» Try it: Retype exactly what appears below from the line containing "Tuzsocr Wanduhr, 30" down to the line containing "Michigan Wolverines NCAA", keeping both end lines. Do not include pictures.

» Entries shown:
----------------------------------------

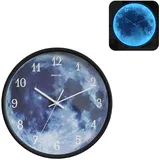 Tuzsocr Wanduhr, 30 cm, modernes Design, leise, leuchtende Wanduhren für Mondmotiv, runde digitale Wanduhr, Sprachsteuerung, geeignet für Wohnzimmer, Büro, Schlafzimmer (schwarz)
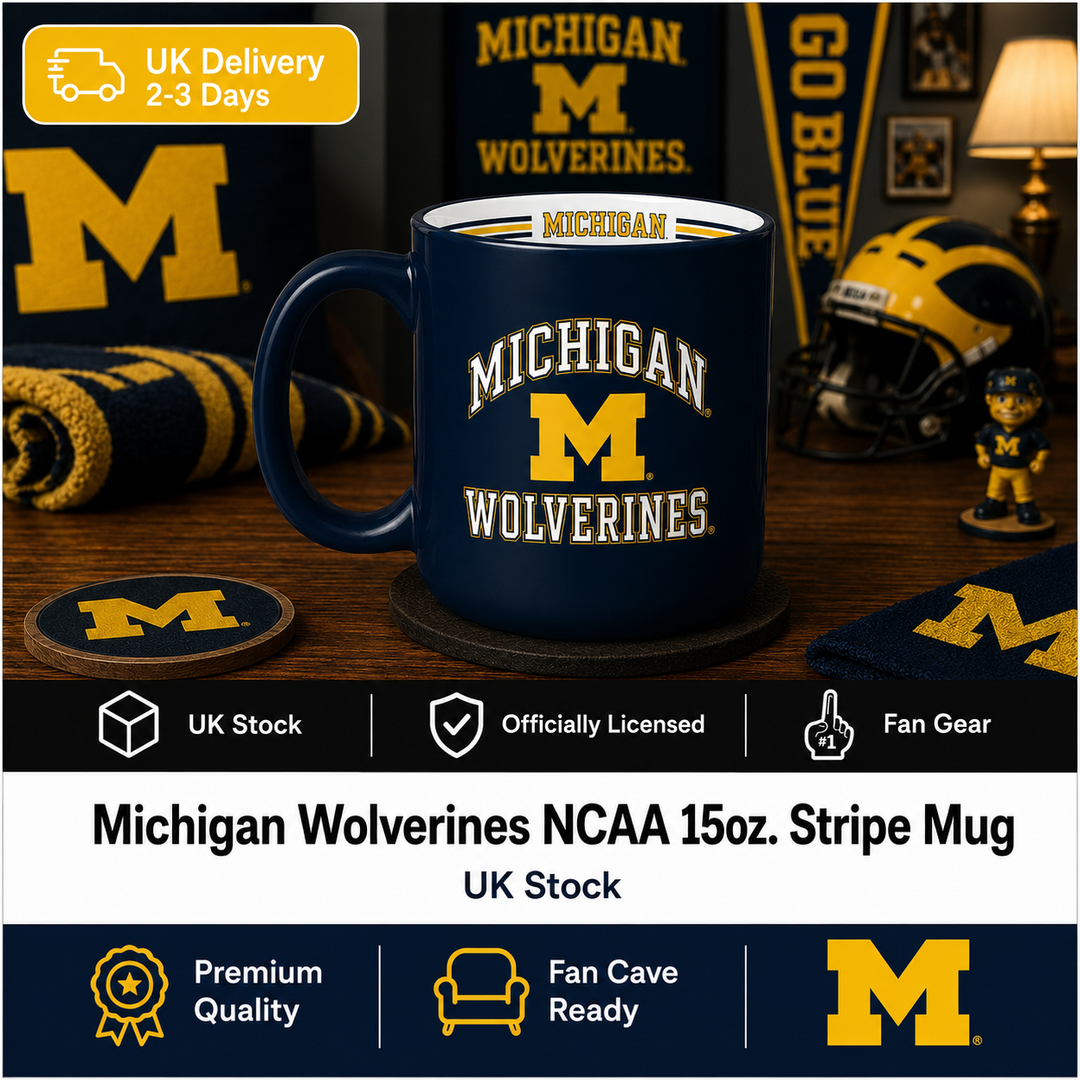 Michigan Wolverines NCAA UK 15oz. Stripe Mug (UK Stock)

----------------------------------------

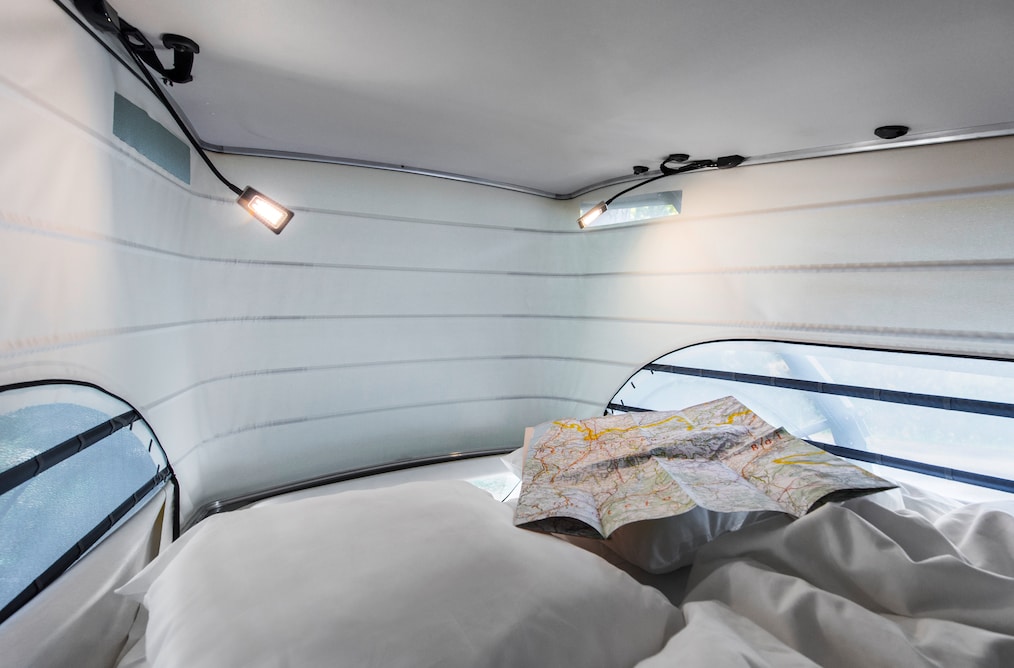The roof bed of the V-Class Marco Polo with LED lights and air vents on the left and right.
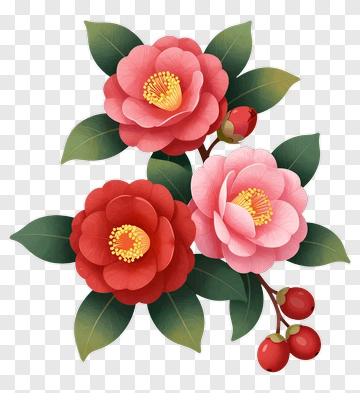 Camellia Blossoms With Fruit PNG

----------------------------------------

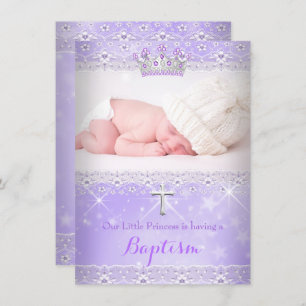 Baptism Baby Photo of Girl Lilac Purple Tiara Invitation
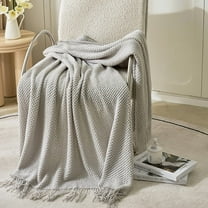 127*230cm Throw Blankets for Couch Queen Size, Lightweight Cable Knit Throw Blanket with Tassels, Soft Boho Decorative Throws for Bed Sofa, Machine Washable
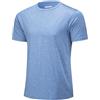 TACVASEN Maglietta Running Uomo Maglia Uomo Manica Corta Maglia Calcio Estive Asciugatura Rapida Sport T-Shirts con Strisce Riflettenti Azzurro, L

----------------------------------------

» Solved problem:
 Tuzsocr Wanduhr, 30 cm, modernes Design, leise, leuchtende Wanduhren für Mondmotiv, runde digitale Wanduhr, Sprachsteuerung, geeignet für Wohnzimmer, Büro, Schlafzimmer (schwarz)
 Michigan Wolverines NCAA UK 15oz. Stripe Mug (UK Stock)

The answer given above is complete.